I am using the default recipe and chat v6 template
Model: Qwen/Qwen3.6-35B-A3B-FP8
Score: 97 / 100
Rating: ★★★★★ Excellent
Engine: vLLM 0.20.1rc1.dev172+g3a6bf961c.d20260503
Quantization: FP8
Max context: 262,144 tokens
✅ 14 passed ⚠️ 1 partial ❌ 0 failed
Points: 29/30
Quality: 97/100
Responsiveness: 57/100 (median turn: 2.5s)
Deployability: 85/100 (α=0.7)
Weakest: D Restraint & Refusal (83%)
Completed in 104.6s │ tool-eval-bench v1.8.0
Token Usage:
Total: 70,841 tokens │ Efficiency: 0.4 pts/1K tokens
Recipe please.
I saw 95 point once.

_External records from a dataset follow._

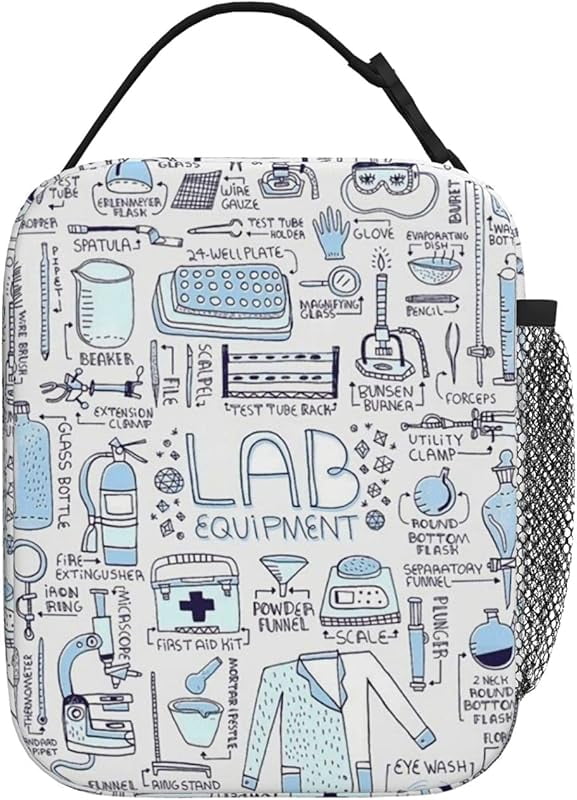 Funny Science Chemistry Lunch Box Insulated Soft Bag Reusable Cooler Bag For Women&Men&Work Picnic Hiking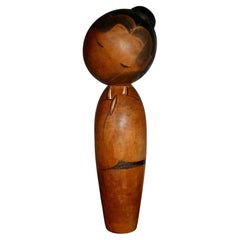 Important large Kokeshi Wood Doll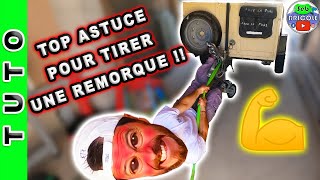 💡TUTO💡 COMMENT RENTRER SOLO UNE REMORQUE PLEINE DANS SON GARAGE   💪 [upl. by Dyan]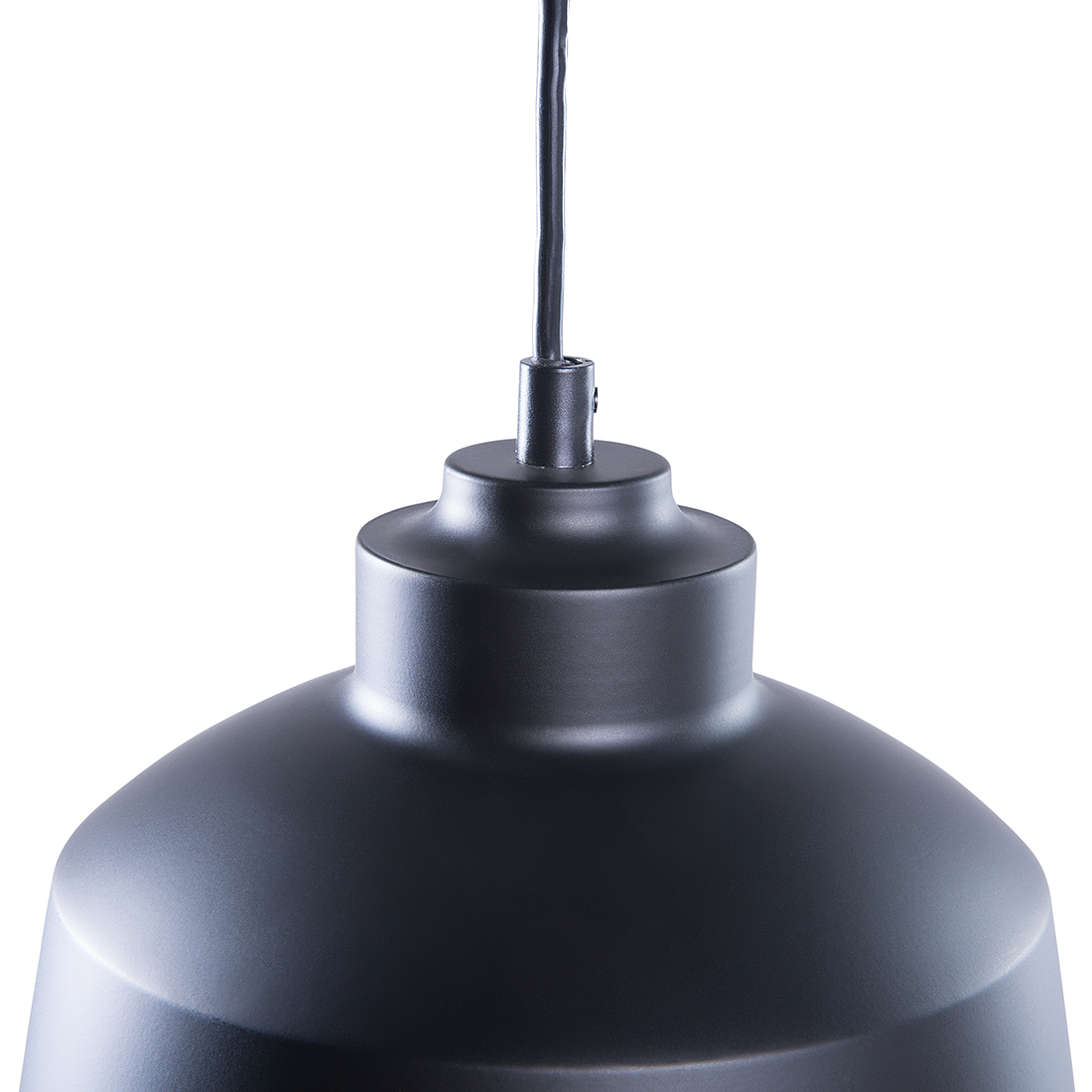 Industrial Black Copper 1-Light Pendant Ceiling Lamp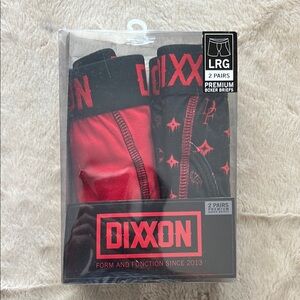 DIXXON Black and Red Boxer Briefs Set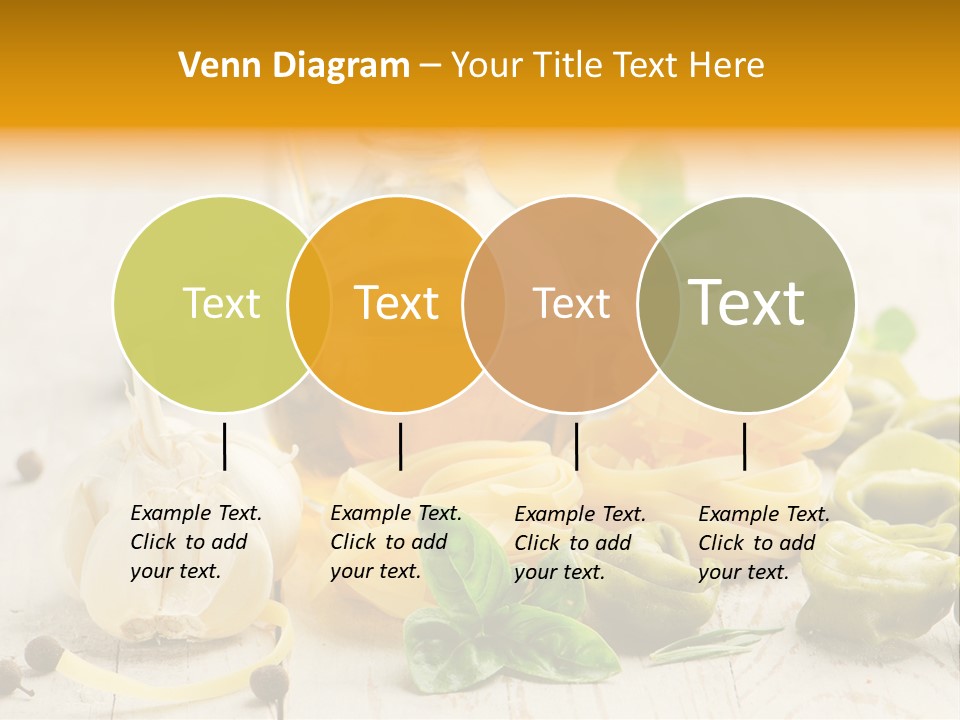 Tagliatelle Tortellini Nutrition PowerPoint Template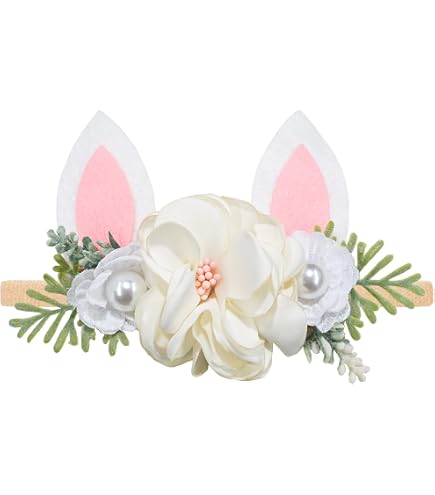 Diadema De Orejas De Conejo – Set De 2 Unidades En Blanco Y Rosa – Complemento Suave Y Flexible Para Pascua, Cosplay, Fiestas Y Regalos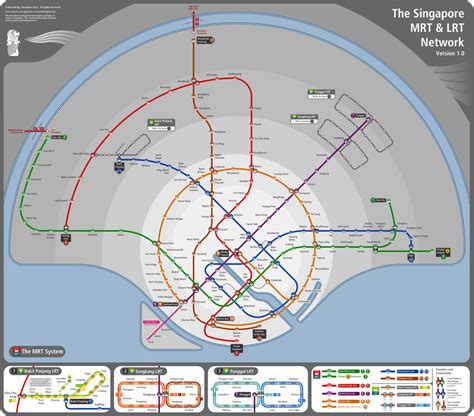 Transit Maps: Unofficial Future Map: Singapore MRT/LRT by Bernie Ng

But I’ve never seen such point.
That 97 score is only with --short switch, so 15 tests only. To get a more accurate score you would want to run the full 74 tests with --hardmode.
correct, --hardmode bench score dropped 92/100. I was more highlighting that with the latest updates my session are becoming noticeably more reliable. Previously i have struggled with wrong or failed tool calls and endless loops.
From hands on use I’ve noticed when session context starts to reach 70-80k + tokens, i feel the decline in output quality.